SMP vs Single-Core Implementation

Relevant source files

Purpose and Scope

This document explains how the kspin crate uses feature flags to provide dramatically different implementations for multi-core (SMP) and single-core environments. The smp feature flag enables compile-time optimization that completely eliminates atomic operations and lock state when they are unnecessary in single-core systems.

For details about the underlying BaseSpinLock structure, see BaseSpinLock and BaseSpinLockGuard. For information about how different guard types interact with both implementations, see BaseGuard Trait System. For technical details about atomic operations used in SMP mode, see Memory Ordering and Atomic Operations.

Feature Flag Architecture

The kspin crate uses conditional compilation through the smp feature flag to generate entirely different code paths for multi-core and single-core environments. This approach enables zero-cost abstractions where single-core systems pay no performance penalty for multi-core synchronization primitives.

Conditional Compilation Flow

flowchart TD
subgraph subGraph1["Single-Core Implementation"]
    SingleStruct["BaseSpinLock {_phantom: PhantomData"]
    SingleGuard["BaseSpinLockGuard {_phantom: &PhantomData"]
    SingleOps["No Atomic Operations:• lock() always succeeds• try_lock() always succeeds• is_locked() always false"]
end
subgraph subGraph0["SMP Implementation"]
    SMPStruct["BaseSpinLock {_phantom: PhantomData"]
    SMPGuard["BaseSpinLockGuard {_phantom: &PhantomData"]
    SMPOps["Atomic Operations:• compare_exchange_weak• load/store with ordering• spin_loop hints"]
end
FeatureFlag["smp feature flag"]
SMPBuild["SMP Build Target"]
SingleBuild["Single-Core Build Target"]

FeatureFlag --> SMPBuild
FeatureFlag --> SingleBuild
SMPBuild --> SMPGuard
SMPBuild --> SMPOps
SMPBuild --> SMPStruct
SingleBuild --> SingleGuard
SingleBuild --> SingleOps
SingleBuild --> SingleStruct

Sources: Cargo.toml(L14 - L16)  src/base.rs(L13 - L14)  src/base.rs(L29 - L31)  src/base.rs(L41 - L43) 

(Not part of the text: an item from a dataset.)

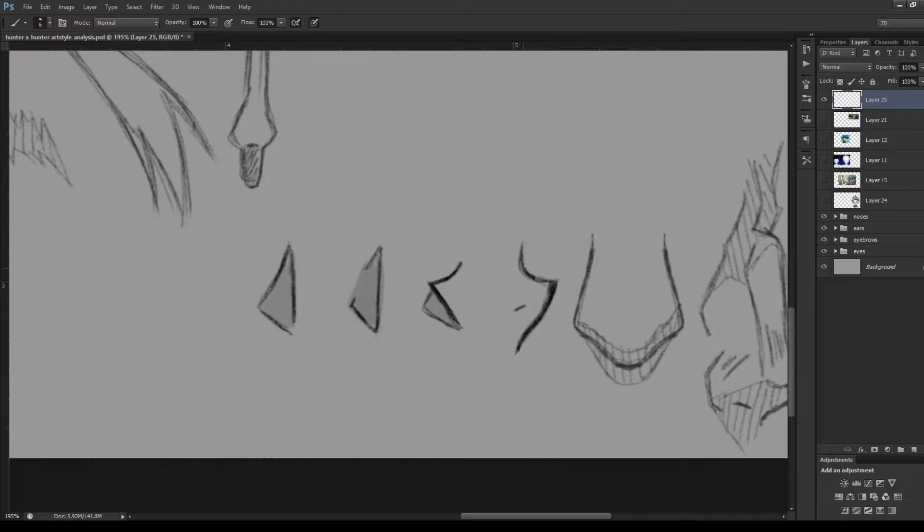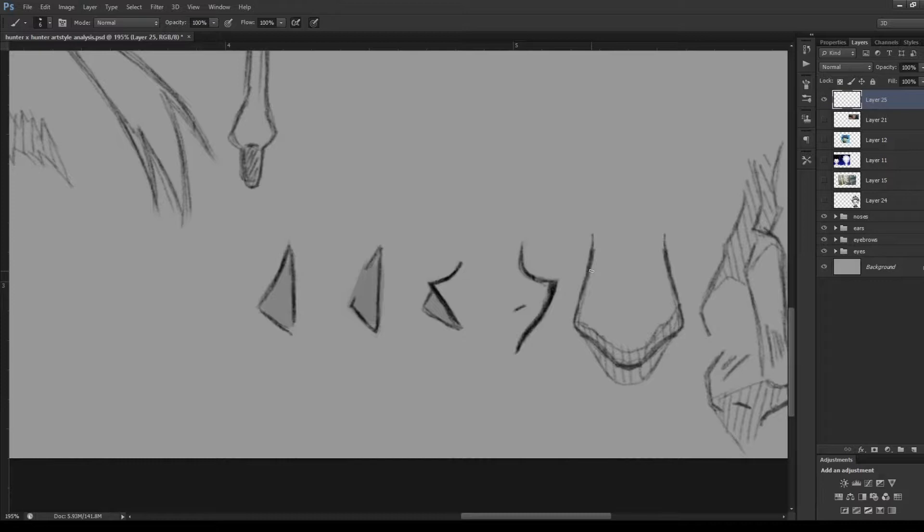In contrast, Meruem's nose is quite different from Gon's — first of all it's a lot bigger, and second, you actually have an indication of a nostril. The curve is a lot harsher and steeper, immediately jutting out to a pointed look, then curving around in an S shape. It's a little bit more interesting with the extra nostril feature.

SMP Implementation Details

In SMP environments, the BaseSpinLock maintains actual lock state using atomic operations to coordinate between multiple CPU cores. The implementation provides true mutual exclusion through hardware-level atomic instructions.

SMP Lock Structure and Operations

flowchart TD
subgraph subGraph2["Memory Ordering"]
    AcquireOrder["Ordering::Acquire on success"]
    RelaxedOrder["Ordering::Relaxed on failure"]
    ReleaseOrder["Ordering::Release on unlock"]
end
subgraph subGraph1["Lock Acquisition Process"]
    AcquireGuard["G::acquire()"]
    CompareExchange["compare_exchange_weak(false, true)"]
    SpinLoop["spin_loop() while locked"]
    CreateGuard["BaseSpinLockGuard creation"]
end
subgraph subGraph0["BaseSpinLock SMP Structure"]
    SMPLock["BaseSpinLock"]
    Phantom["_phantom: PhantomData"]
    AtomicLock["lock: AtomicBool"]
    Data["data: UnsafeCell"]
end

AcquireGuard --> CompareExchange
AtomicLock --> CompareExchange
CompareExchange --> AcquireOrder
CompareExchange --> CreateGuard
CompareExchange --> RelaxedOrder
CompareExchange --> SpinLoop
CreateGuard --> ReleaseOrder
SMPLock --> AtomicLock
SMPLock --> Data
SMPLock --> Phantom
SpinLoop --> CompareExchange

The SMP implementation uses a two-phase locking strategy:

  1. Guard Acquisition: First acquires the protection guard (disabling preemption/IRQs)
  2. Atomic Lock: Then attempts to acquire the atomic lock using compare-and-swap operations

Key SMP Code Paths:

Sources: src/base.rs(L27 - L32)  src/base.rs(L77 - L101)  src/base.rs(L122 - L149)  src/base.rs(L159 - L162) 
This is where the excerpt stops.